The universe is made of stories, not atoms.              
Muriel Rukeyser

As the book of Dvarim, meaning “Words,” opens, Moses launches his farewell oration to “all Israel,” gathered together in the wilderness of the Aravah, outside the borders of the Promised Land. But who is the “all Israel” to whom he is speaking?

Not those who were liberated from slavery in Egypt, nearly 40 years before.

Nor those who witnessed the parting of the Red Sea and experienced the ecstasy of salvation as they crossed to safety on the other side, when Pharoah’s chariots pursued them.

And not those who, having experienced those miracles, nevertheless “sulked in their tents” [1] frightened, stripped of faith, once they learned that the people whom they’d have to conquer to enter the Land were “tall and strong.”

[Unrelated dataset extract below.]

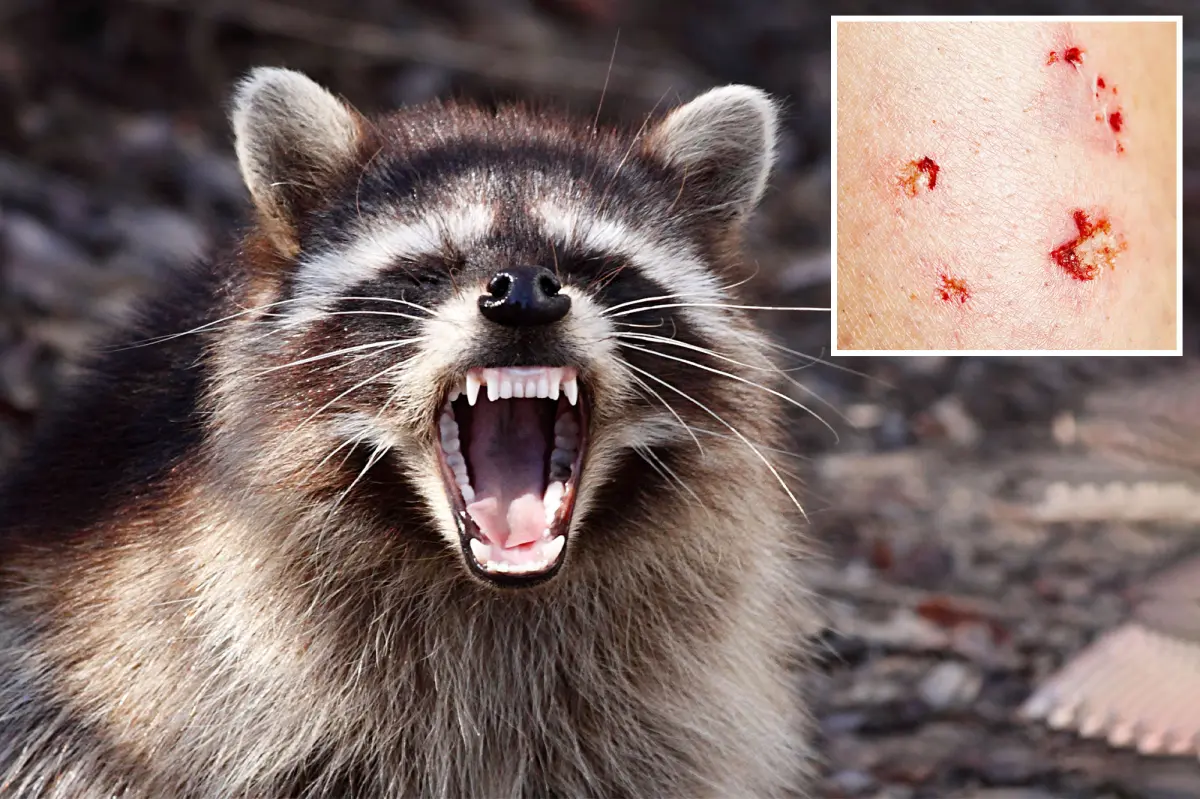 Rabid Raccoon Found in LA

Indeed, when Moses begins his oration, he describes experiences that only three people present there had endured: Moses himself, along with Joshua and Caleb—leader of the tribe of Judah. [2] Nevertheless, he speaks as if the generation born in the wilderness had been present from the outset. That is because it is their story he is telling, rather than their individual histories.

The very opening of the book of “Words” thus teaches us a vivid lesson about the power of storytelling. It is one the ancient rabbis, too, regarded as vital. They taught that no matter where we live, when we live or how we live—on Passover, each of us must state that the story of Slavery, Freedom, and Redemption is our story, our personal story. We ourselves were slaves in Egypt and we ourselves were liberated from slavery. Thus, we learn the great lesson of Story itself, which, in the words of Marshall Ganz, teaches “our hearts how to live as choiceful human beings, capable of embracing hope over fear, self-worth and self-love over self-doubt, and love over isolation and alienation.” [3]

Those of us who participated in AJWS’s inaugural Global Jewish Fellowship in 2013 experienced a remarkable example of this power of story when we joined the women of Naaxwin, an AJWS grantee, in the remote mountain village of Matias Romero in southern Mexico. The whole village had gathered in the make-shift plaza—men and women seated separately—to see a marionette show created by the indigenous Naaxwin women, many of whom themselves had been victims of domestic violence.

Through the expressive faces and agile, dramatic bodies of the marionettes, fusing humor and tragedy, truth and exaggeration, the puppeteers told the stories of the lives of people in this community: romantic hope crushed by too young-marriage, domestic abuse, poverty, drunkenness, social injustice. But then the action shifted to a new way of thinking, a possibility of change, a reason to hope. After this “happy ending,” the actors and women who had created the show replicated it in practice: they invited the women of the village to come and talk and explore how they, too, could achieve this redemption. Thus the women of Naaxwin used storytelling to help the villagers take steps that could change their lives, that could free them to become “choiceful human beings.” They knew how to turn what Ganz calls the “story of self” into the “story of us.”

The next story, in Ganz’s words, is the “story of now—the fierce urgency of now.” Around the globe, that story of now is one in which human beings are still in the wilderness, still blocked—by injustice, endemic poverty, gender discrimination, the absence of basic human rights—from entering a Promised Land; from having a happy ending of their own. What the rabbis and the opening of “Words”—this fifth and final book of the Torah—teach us, is that whether we ourselves were born into slavery or born into freedom, whether we have directly known this suffering or not, this “story of now” is our story as well, and we have to do our part.